▸ THE TASK
From the line containing "广西广场不锈钢抽象葫芦琵琶雕塑" to the last line of the records below, retype every line exactly and output nothing else.
GIVEN RECORDS below:
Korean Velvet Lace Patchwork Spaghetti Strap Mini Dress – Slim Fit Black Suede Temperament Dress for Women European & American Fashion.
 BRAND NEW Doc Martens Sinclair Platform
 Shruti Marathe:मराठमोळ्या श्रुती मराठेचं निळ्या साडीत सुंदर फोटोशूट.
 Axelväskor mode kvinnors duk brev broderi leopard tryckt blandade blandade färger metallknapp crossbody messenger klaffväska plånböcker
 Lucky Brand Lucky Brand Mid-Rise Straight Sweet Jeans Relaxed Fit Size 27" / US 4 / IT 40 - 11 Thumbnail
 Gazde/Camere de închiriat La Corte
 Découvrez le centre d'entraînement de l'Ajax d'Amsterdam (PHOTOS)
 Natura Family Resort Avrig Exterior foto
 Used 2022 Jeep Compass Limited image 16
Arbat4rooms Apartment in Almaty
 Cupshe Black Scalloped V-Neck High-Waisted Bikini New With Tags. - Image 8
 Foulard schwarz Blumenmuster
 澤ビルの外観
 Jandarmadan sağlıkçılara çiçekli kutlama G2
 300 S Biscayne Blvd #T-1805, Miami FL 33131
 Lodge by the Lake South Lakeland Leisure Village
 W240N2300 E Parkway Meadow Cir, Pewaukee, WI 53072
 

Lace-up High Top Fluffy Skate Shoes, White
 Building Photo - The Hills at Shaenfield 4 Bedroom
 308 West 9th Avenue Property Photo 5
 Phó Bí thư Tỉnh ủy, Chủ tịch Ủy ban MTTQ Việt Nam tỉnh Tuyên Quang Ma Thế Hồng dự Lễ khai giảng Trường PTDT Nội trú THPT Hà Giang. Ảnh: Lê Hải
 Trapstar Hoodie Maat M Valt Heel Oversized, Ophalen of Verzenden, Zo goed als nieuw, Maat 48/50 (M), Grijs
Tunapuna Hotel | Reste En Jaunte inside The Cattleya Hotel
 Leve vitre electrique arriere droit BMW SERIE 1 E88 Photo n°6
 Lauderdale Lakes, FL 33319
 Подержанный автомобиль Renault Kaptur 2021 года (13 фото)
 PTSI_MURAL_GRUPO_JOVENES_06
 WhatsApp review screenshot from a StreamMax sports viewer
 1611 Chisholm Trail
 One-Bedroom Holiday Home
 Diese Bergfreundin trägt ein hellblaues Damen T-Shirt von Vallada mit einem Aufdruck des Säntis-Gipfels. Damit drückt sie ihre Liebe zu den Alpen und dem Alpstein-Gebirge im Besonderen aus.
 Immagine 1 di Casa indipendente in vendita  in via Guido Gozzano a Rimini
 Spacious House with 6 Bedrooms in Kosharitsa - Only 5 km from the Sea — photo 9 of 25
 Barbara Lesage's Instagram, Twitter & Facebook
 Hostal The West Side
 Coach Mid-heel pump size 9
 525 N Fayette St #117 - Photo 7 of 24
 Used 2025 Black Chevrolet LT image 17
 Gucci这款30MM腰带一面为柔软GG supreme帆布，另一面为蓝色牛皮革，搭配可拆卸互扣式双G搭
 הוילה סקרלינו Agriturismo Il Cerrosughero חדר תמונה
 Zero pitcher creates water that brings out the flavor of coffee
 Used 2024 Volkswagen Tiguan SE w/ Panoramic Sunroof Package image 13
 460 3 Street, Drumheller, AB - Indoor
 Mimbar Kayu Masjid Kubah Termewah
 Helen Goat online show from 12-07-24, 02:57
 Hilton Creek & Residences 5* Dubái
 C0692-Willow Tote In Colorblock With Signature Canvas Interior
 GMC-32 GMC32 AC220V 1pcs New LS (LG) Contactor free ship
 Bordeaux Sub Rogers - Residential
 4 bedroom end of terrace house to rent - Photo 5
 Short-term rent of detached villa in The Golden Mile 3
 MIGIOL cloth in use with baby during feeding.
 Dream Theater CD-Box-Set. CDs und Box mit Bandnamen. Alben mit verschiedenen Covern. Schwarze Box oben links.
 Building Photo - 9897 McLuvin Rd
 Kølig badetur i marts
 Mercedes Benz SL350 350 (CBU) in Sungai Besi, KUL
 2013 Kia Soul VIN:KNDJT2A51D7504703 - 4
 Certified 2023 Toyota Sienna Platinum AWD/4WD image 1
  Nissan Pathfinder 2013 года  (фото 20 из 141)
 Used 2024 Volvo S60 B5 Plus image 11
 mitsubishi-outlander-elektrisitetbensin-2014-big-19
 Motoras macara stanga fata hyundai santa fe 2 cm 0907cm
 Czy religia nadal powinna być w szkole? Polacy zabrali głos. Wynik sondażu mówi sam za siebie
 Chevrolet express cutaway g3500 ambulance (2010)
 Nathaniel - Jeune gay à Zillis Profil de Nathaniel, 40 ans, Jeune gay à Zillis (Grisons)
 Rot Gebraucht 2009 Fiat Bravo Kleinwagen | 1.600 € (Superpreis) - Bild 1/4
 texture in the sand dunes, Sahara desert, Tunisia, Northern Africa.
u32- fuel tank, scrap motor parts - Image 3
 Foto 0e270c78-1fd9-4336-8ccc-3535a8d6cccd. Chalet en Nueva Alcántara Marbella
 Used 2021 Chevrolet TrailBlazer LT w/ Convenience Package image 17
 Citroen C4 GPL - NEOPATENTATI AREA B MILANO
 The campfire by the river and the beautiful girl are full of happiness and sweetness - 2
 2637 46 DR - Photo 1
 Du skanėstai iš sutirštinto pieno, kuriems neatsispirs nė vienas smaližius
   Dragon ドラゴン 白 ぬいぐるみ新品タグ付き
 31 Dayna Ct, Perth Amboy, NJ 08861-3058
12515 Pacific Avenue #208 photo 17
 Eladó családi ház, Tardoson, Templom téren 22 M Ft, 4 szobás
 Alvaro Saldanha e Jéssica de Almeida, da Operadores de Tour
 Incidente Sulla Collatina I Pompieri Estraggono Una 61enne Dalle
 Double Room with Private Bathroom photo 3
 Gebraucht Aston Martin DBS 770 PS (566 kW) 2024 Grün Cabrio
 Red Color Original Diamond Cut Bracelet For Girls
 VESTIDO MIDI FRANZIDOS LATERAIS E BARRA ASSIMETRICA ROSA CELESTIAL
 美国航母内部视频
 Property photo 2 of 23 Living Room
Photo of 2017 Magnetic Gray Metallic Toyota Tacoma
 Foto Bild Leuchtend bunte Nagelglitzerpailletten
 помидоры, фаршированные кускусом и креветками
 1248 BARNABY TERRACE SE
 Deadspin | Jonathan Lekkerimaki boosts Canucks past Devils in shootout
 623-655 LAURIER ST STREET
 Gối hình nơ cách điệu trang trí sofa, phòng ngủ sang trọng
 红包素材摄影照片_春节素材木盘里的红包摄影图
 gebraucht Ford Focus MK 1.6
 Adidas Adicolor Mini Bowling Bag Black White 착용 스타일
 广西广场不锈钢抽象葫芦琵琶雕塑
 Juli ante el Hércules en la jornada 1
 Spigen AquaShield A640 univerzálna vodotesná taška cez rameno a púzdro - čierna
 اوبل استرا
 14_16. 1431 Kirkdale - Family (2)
End of GIVEN RECORDS.
▸ TASK RESULT
 广西广场不锈钢抽象葫芦琵琶雕塑
 Juli ante el Hércules en la jornada 1
 Spigen AquaShield A640 univerzálna vodotesná taška cez rameno a púzdro - čierna
 اوبل استرا
 14_16. 1431 Kirkdale - Family (2)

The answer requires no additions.